The poll, conducted by Greenberg Quinlan Rosner (GQR) Research, also revealed that as the public becomes more informed about the details of Walker’s so-called “budget repair bill” which would take away the ability of state employee unions to bargain collectively on its contracts and current revelations that workers have agreed to concessions on wages and benefits, support for Walker’s ideas plummet precipitously.
Since the protests began last week, Walker has seen an erosion in his standing also, according to the poll results.
A majority of those polled (51 percent) disapproved of the Wisconsin governor’s job performance and disagreed with his agenda.
In contrast, 62 percent of voters offer a favorable view of public employees (only 11 percent unfavorable) and 53 percent of voters rate labor unions favorably (31 percent unfavorable).
According to a recent national poll conducted by Gallup and USA Today, 61 percent of Americans oppose laws like the proposed law in Wisconsin that takes away the collective bargaining power of public employee unions.
When asked if they agree or disagree with the position different groups and individuals are taking in the current situation, voters in the GQR poll side with the public employees (67 percent agree), the pro-union protesters (62 percent agree), the unions (59 percent agree), and the Democrats in the state legislature (56 percent agree).
In contrast, 53 percent disagree with Walker and 46 percent disagree with the Republicans in the legislature.

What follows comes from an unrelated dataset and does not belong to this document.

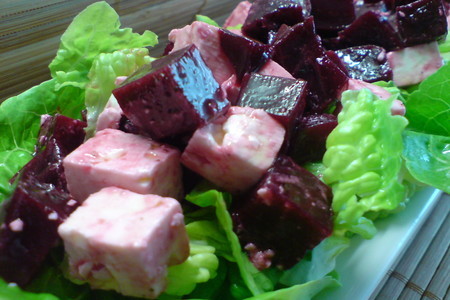 Фото к рецепту: Салат из печёной свёклы с брынзой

When voters are presented with Walker’s specific agenda, including cutting benefits, freezing wages and eliminating collective bargaining, 52 percent oppose.
When asked more specifically, 58 percent oppose eliminating collective bargaining, 57 percent oppose reducing wages for public employees and 50 percent oppose reducing pension benefits for public employees.

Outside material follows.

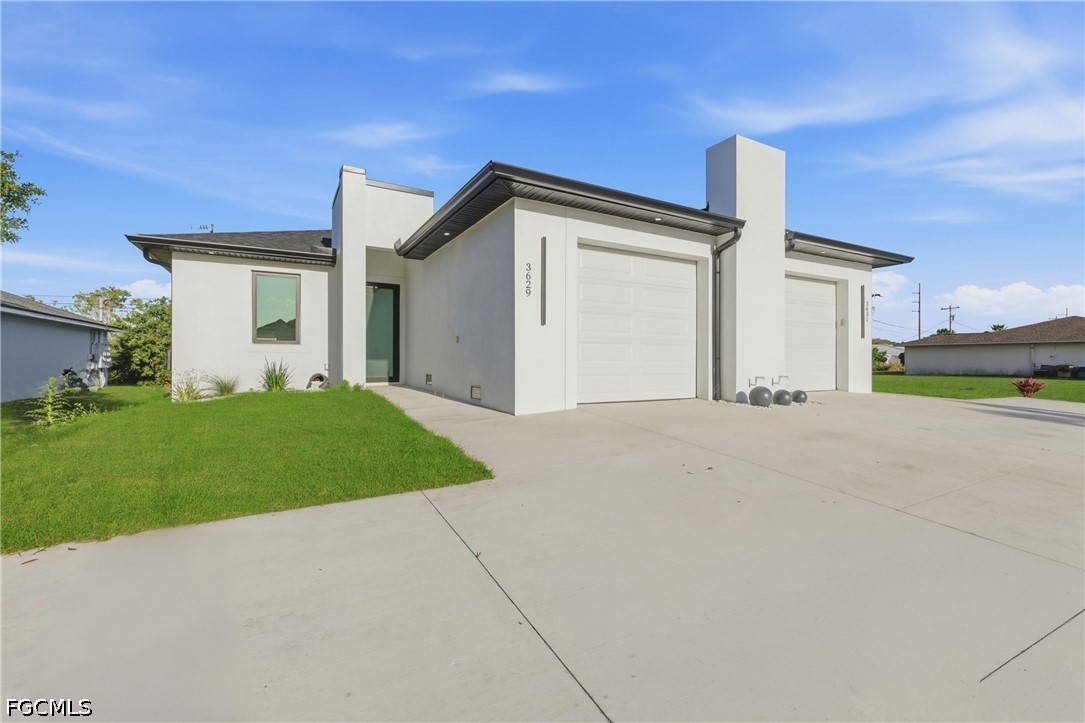 3 Bed Duplex for Sale in Cape Coral, photo 2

Not surprisingly, 78 percent of Democrats oppose eliminating collective bargaining rights, but 59 percent of independents and even a third of Republicans oppose it as well.

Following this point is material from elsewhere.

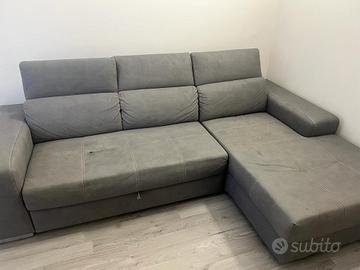 DIVANO 3 POSTI CON PENISOLA ECOPELLE GRIGIO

Voters are convinced that if public employees accept concessions and pay more for retirement and healthcare that Walker should drop his attempt to eliminate collective bargaining. Three quarters say that public employees should not have their collective bargaining rights eliminated including nearly half of Republicans.
The poll findings are based on two surveys of Wisconsin likely voters. The first survey was conducted among 604 likely voters in Wisconsin between February 16-20, 2011, and is subject to a margin error of +/-4.0 percentage points.
The second survey was conducted among 402 likely voters in Wisconsin between February 19-20, 2011 and is subject to a margin of error of +/-4.9 percentage points.
Founded in 1980, Greenberg Quinlan Rosner specializes in political polling and campaign strategy.
The company also has extensive experience working with issue advocacy organizations through the U.S. and the world, including non-profits, NGOs and labor groups.